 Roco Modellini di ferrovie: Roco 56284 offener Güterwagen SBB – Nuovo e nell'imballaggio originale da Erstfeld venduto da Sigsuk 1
-=-=-
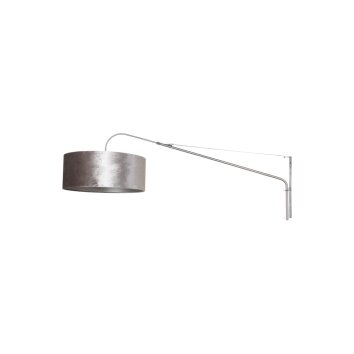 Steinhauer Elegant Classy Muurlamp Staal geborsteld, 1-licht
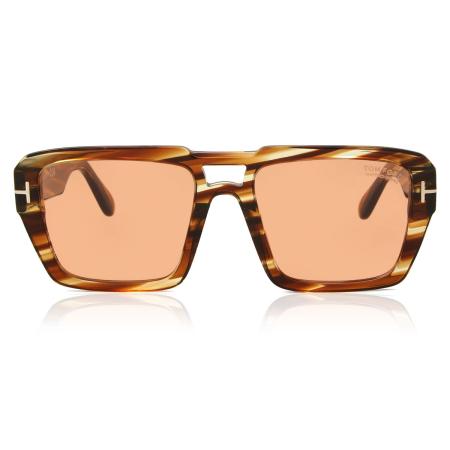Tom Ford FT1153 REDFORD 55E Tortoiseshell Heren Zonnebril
-=-=-
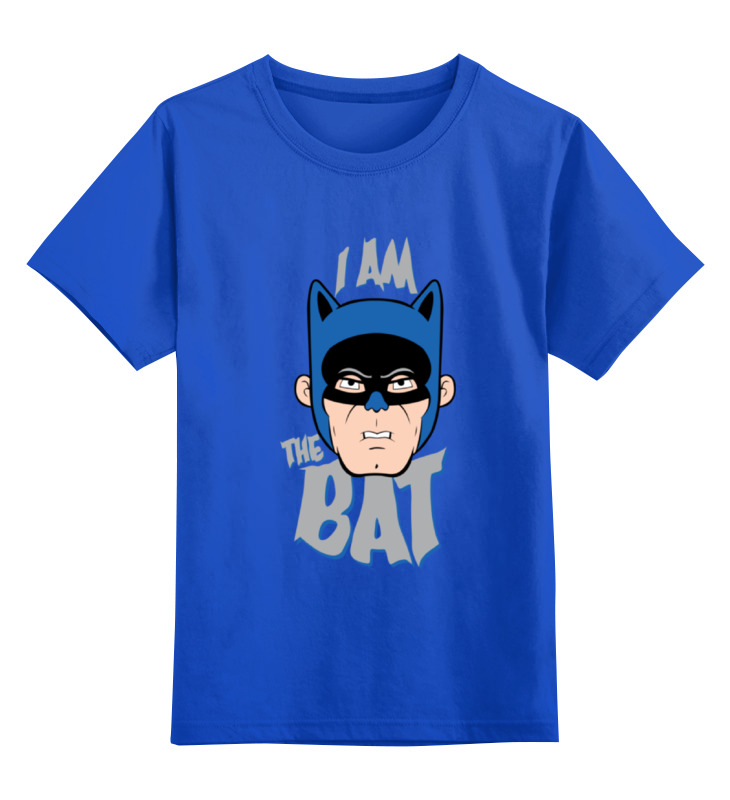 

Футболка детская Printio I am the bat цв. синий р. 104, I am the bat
-=-=-
Reproduce the entries exactly, from the line with "Steinhauer Elegant Classy" to the line with "Tom Ford FT1153", both lines included, keeping no pictures.

 Steinhauer Elegant Classy Muurlamp Staal geborsteld, 1-licht
Tom Ford FT1153 REDFORD 55E Tortoiseshell Heren Zonnebril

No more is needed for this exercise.